La première est banale. Il suffit — si vous habitez une grande ville s'entend, sinon vous êtes mort — de faire le tour de toutes les librairies et de toutes les grandes surfaces, et ce, au moins, une fois par semaine. Tous les points de vente : parce qu'aucun ne reçoit toutes les nouveautés. Une fois par semaine au moins : parce que personne ne stocke correctement les littératures de genre et une fois vendu…
L'autre manière — moins fatigante et moins onéreuse, mais pas forcément plus efficace — consiste à convaincre les attachées [1] de presse de vous envoyer les bouquins à l'œil.
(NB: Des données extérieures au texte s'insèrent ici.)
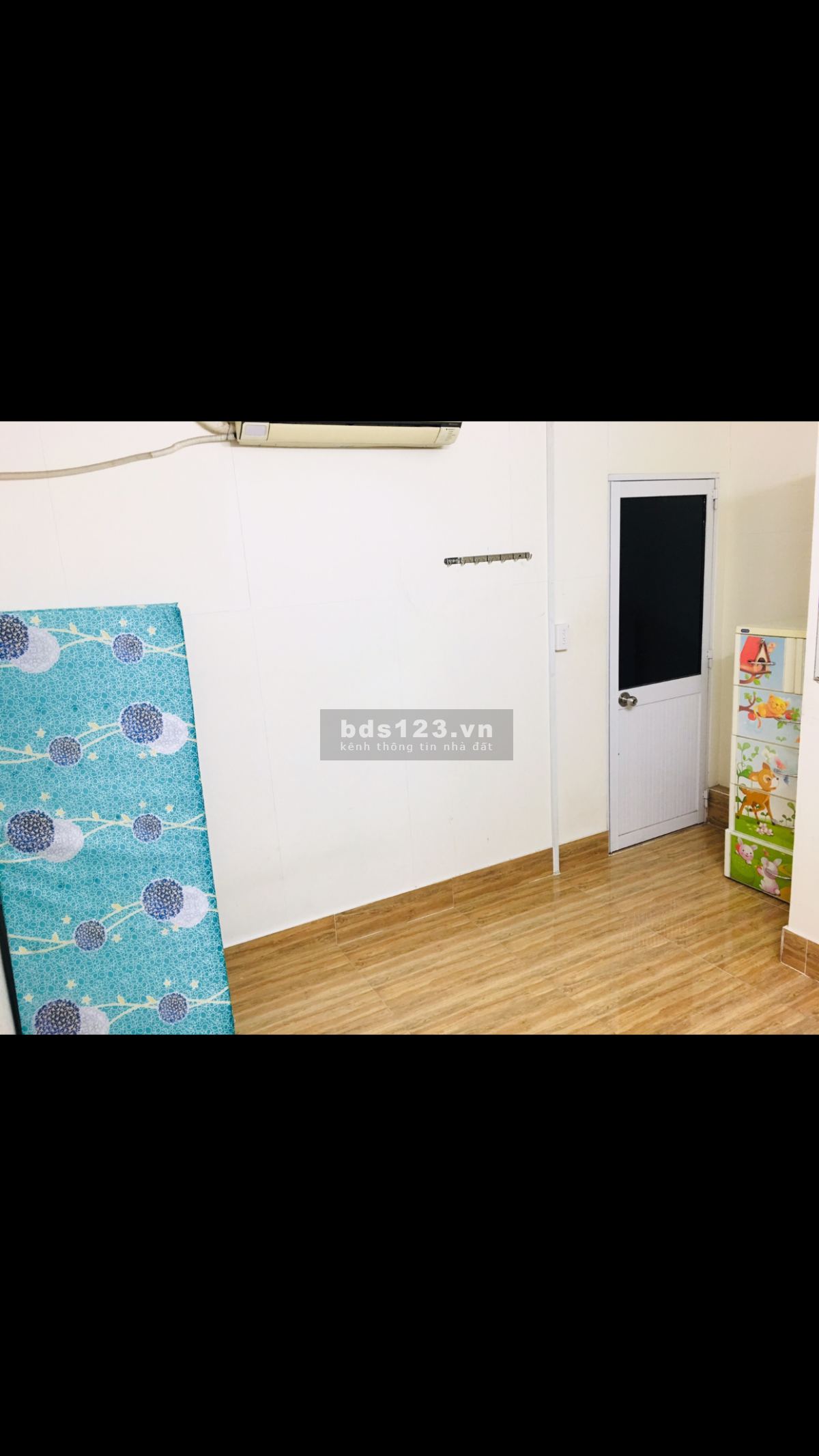 Cho Thuê Phòng Quận 1 Giá Rẻ, Có 2 Cửa Sổ Lớn, Thoáng Mát gần chợ Tân Định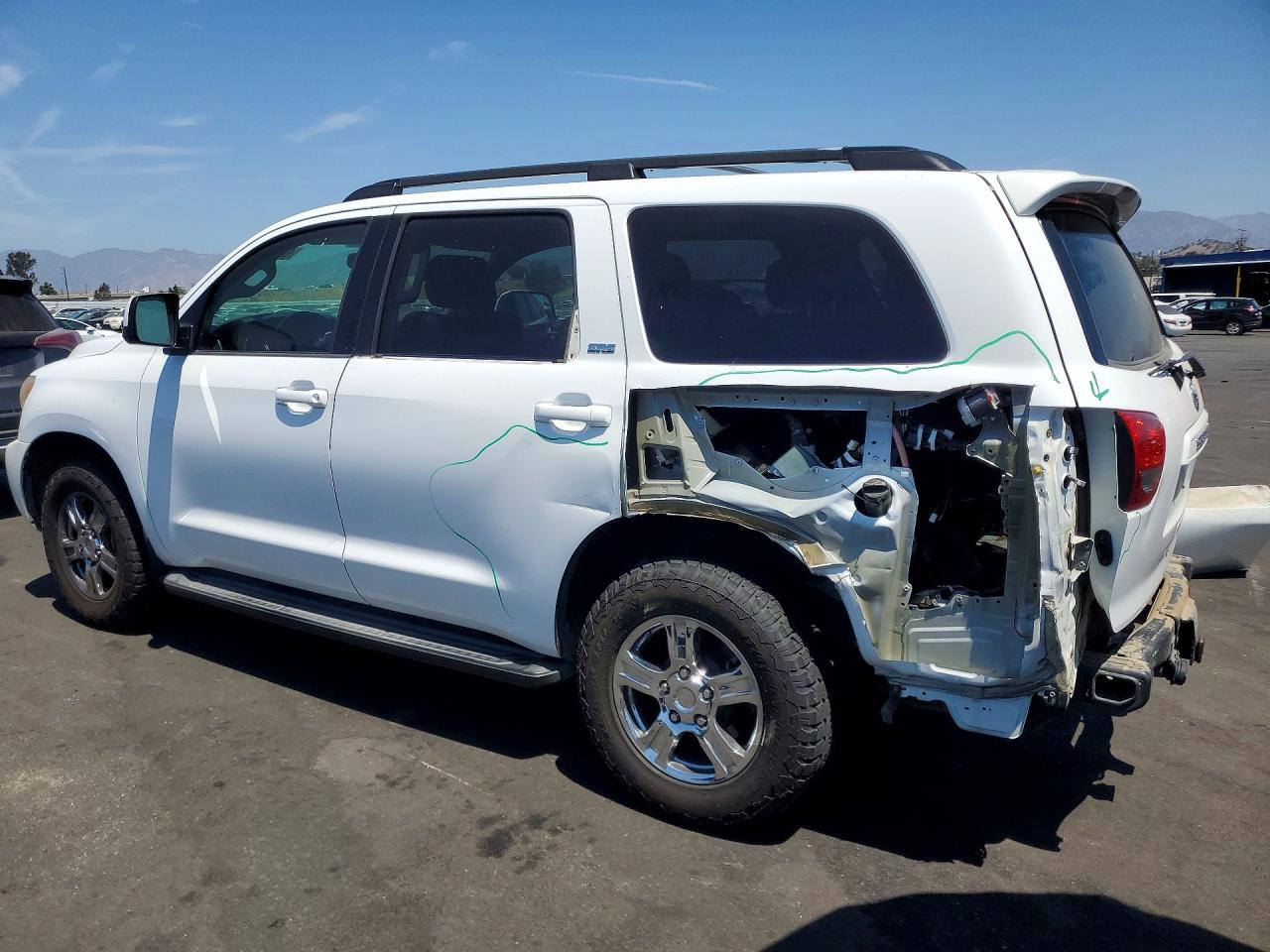 2013 Toyota Sequoia Sr5 White vin: 5TDBY5G10DS086068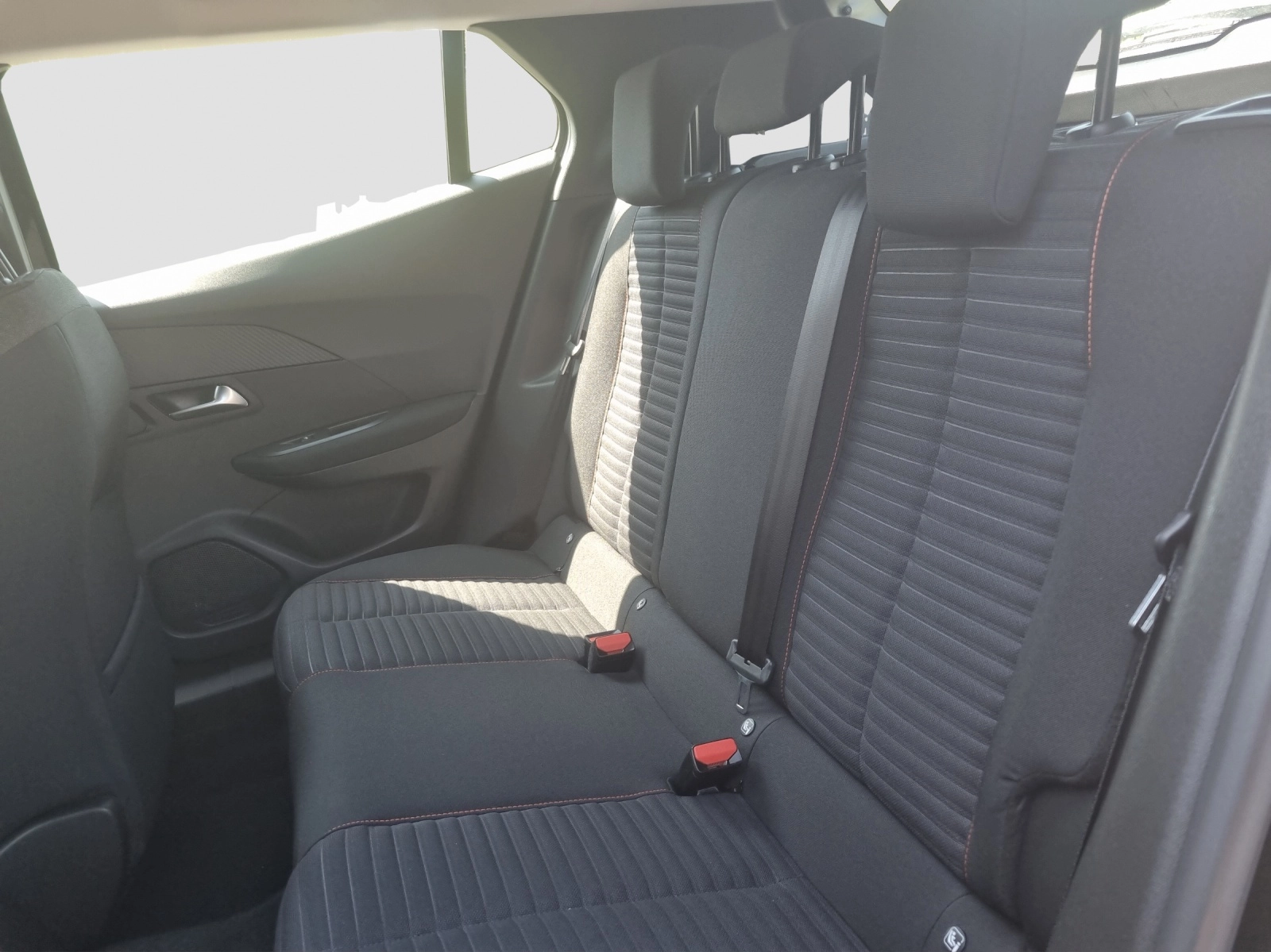 Immagine 10 Peugeot 2008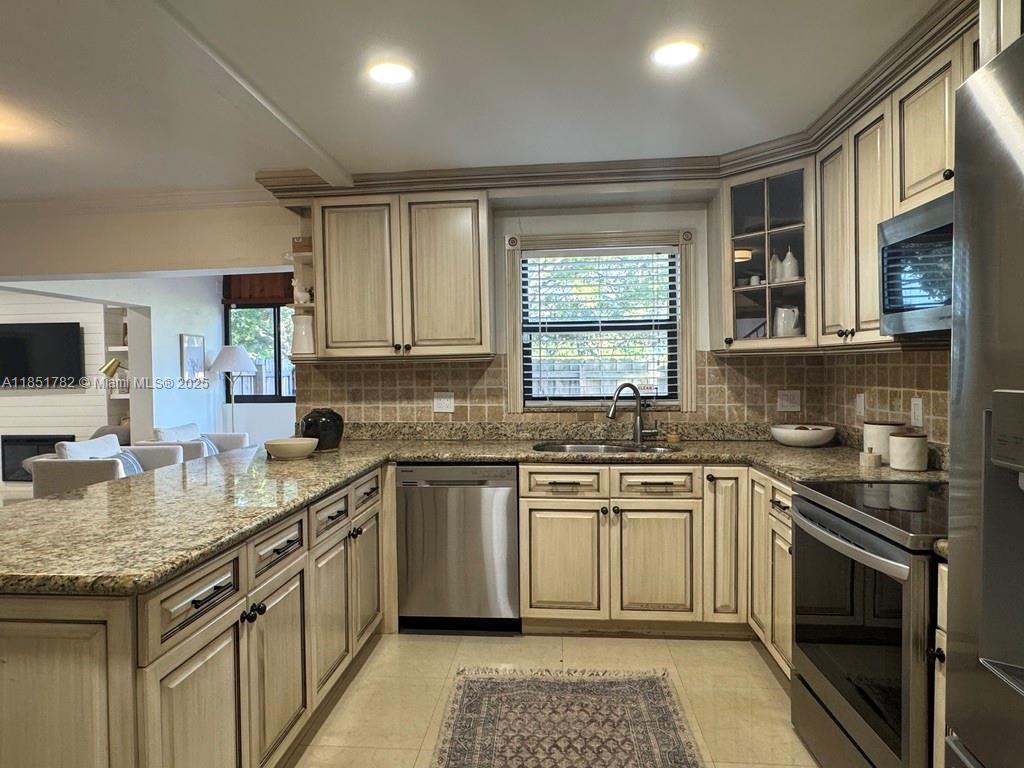 46 Chestnut Cir # 46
Bien que la méthode ne soit fiable qu'à 80 %, un petit voyage à Paris de temps en temps permet de faire des découvertes et de boucher les trous dans vos séries incomplètes…
Et parfois, quels trous ! De passage du côté de la Place d'Italie, j'ai ainsi découvert l'existence de la collection Conan aux éditions du Fleuve Noir [2]. J'ai honte de mon ignorance. Heureusement, aucun des lecteurs de KWS n'était là pour me prendre sur le fait — et comme disait Merleau-Ponty dans la Phénoménologie de la perception (à moins que ce ne soit Sartre et ailleurs : j'ai soudain un doute) [3]), la honte c'est seulement qu'on s'aperçoit qu'on a été observé en flagrant délit de nullité. Et si vous aviez été là, lecteurs, en plus de ma honte, vous auriez eu droit au dialogue suivant :
FV : Qu'est-ce que c'est, cette collection ?
Jacques Goimard : Des Conan.
FV : Les Lattès que J'ai Lu n'a pas réédités ?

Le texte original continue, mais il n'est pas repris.